**Your objective**
Drop the images. Copy every line below character for character.

**Task input**
((
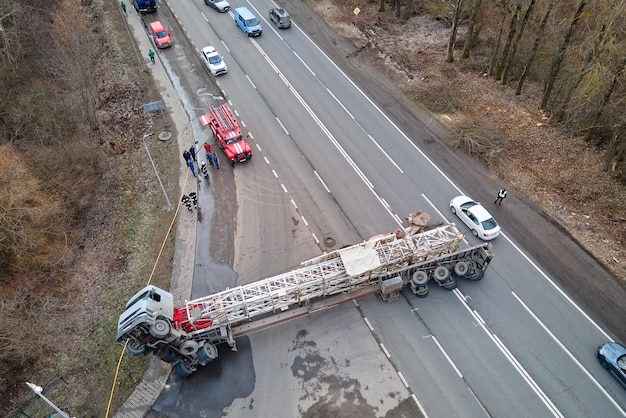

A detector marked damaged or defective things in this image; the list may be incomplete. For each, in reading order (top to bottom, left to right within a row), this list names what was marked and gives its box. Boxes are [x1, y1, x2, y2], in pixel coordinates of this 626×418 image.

overturned truck [116, 216, 488, 378]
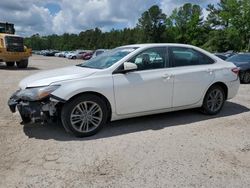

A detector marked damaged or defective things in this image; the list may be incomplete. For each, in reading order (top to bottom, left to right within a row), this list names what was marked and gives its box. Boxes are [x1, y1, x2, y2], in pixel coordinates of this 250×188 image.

damaged front bumper [7, 91, 64, 123]
exposed front wheel well [65, 91, 112, 122]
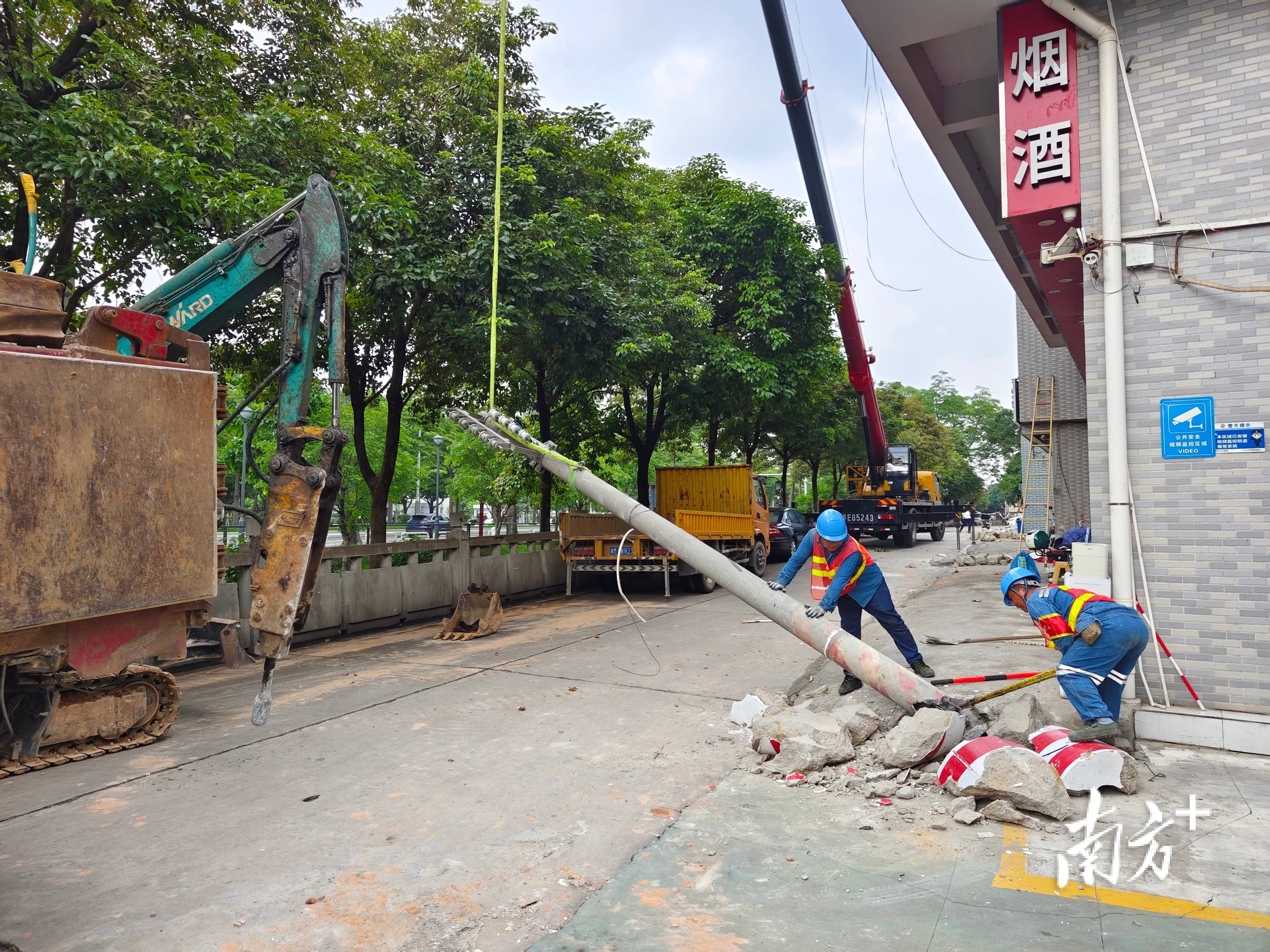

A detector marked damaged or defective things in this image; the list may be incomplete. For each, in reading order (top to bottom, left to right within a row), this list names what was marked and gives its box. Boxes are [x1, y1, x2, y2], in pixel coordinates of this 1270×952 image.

broken concrete debris [878, 704, 967, 769]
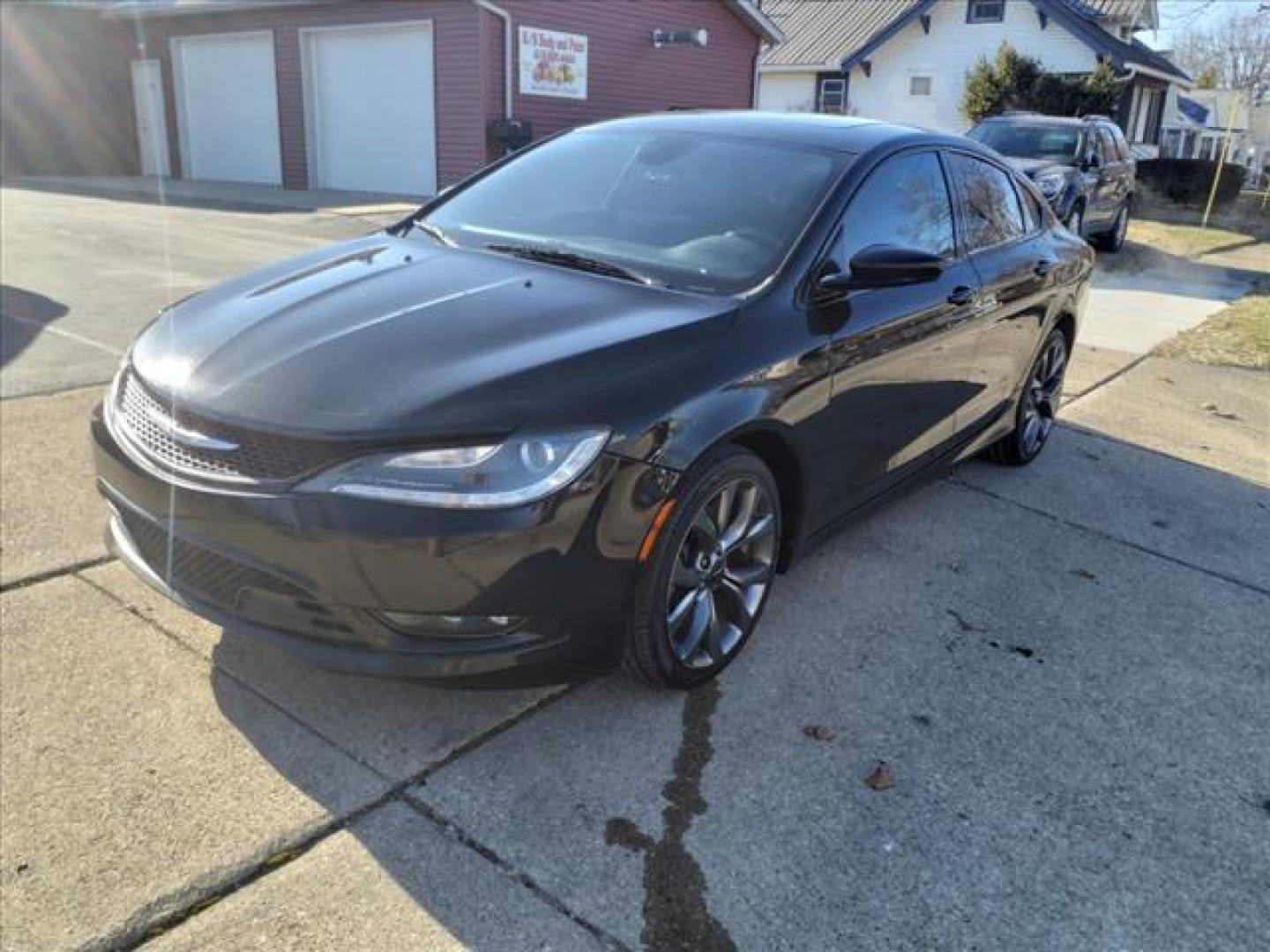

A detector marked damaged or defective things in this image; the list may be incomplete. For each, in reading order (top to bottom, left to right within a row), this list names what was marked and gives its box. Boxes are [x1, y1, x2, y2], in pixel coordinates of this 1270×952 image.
))
**Written reply**
A detector marked damaged or defective things in this image; the list may be incomplete. For each, in reading order (top to bottom, left to right within a row), this list names what was marked and gives its box. Boxes are [x1, y1, x2, y2], in pixel coordinates of this 626×418 image.

overturned truck [116, 216, 488, 378]

A detector marked damaged or defective things in this image; the list may be incomplete. For each, in reading order (top to bottom, left to right within a row), this list names what was marked and gives its box. Boxes are [x1, y1, x2, y2], in pixel coordinates of this 250×188 image.

damaged front bumper [7, 91, 64, 123]
exposed front wheel well [65, 91, 112, 122]

A detector marked damaged or defective things in this image; the list may be incomplete. For each, in reading order (top to bottom, left to right within a row), this list names what was marked and gives its box. Boxes are [x1, y1, x2, y2], in pixel coordinates of this 1270×952 image.

broken concrete debris [878, 704, 967, 769]

A detector marked damaged or defective things in this image; the list may be incomplete. For each, in reading order (top to bottom, left to right within a row), this list names what was marked and gives its box. Boxes are [x1, y1, x2, y2], in pixel coordinates of this 1270×952 image.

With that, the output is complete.